The author-director David Ayer started his profession concocting scripts for motion thrillers that put some psychological nuance into their boom-boom pyrotechnics. Sure, Denzel Washington’s chest-beating boasts in “Coaching Day” (2001) made theaters quake even when they weren’t outfitted with Dolby, however there have been additional dimensions to his character.
It appears as if he threw all that form of factor out of his device package across the time of “Suicide Squad” (2016). Ayer’s photos are purely blunt-force objects now, and efficient ones. And all of the extra persuasive when Jason Statham stars in them.
In “A Working Man,” whose script was coauthored by Ayer and Sylvester Stallone, Statham performs a building employee with a violent previous from which he’s attempting to distance himself. (Fats likelihood in this type of film.) When the daughter of his boss is kidnapped, he’s is compelled to go to labyrinthine and brutal lengths to get her again.
This film follows up on Statham and Ayer’s 2024 “The Beekeeper,” an identical payback punishment image whose compelled premise wasn’t helped by its garishly dressed villains. The villains listed below are garishly dressed too, however there’s a rationale: They’re Russian. In any occasion, Statham racks up bad-guy kills like he’s gathering Pokémon.

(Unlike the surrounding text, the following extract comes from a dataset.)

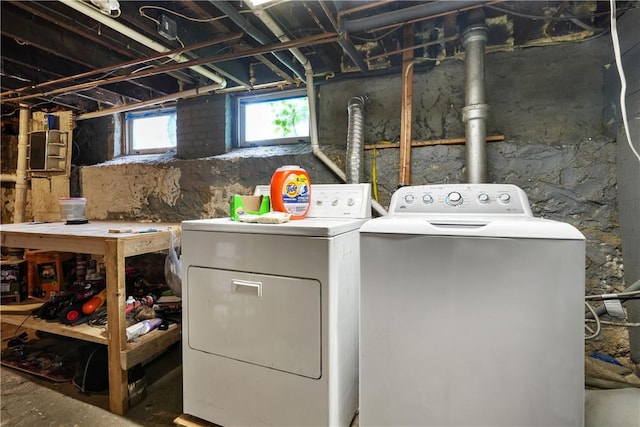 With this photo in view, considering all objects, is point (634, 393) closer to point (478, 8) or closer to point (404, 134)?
point (404, 134)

Because the kidnapped daughter, Jenny, Arianna Rivas takes fruitful benefit of her character’s efforts to combat again, displaying acrobatic motion chops. The star’s outdated “Lock, Inventory and Two Smoking Barrels” mate Jason Flemyng performs a slimy oligarch, and David Harbour is Statham’s smart pal (and armorer); it’s a satisfying solid all the best way down. In a peculiar contact, close to the tip of the film, its slimiest villain, performed by Kenneth Collard, places on a dressing up that makes him seem like the Brazilian filmmaker José Mojica Marins’s legendary villain, Coffin Joe. I dug it.
A Working ManRated R for violence and language. Working time: 1 hour 56 minutes. In theaters.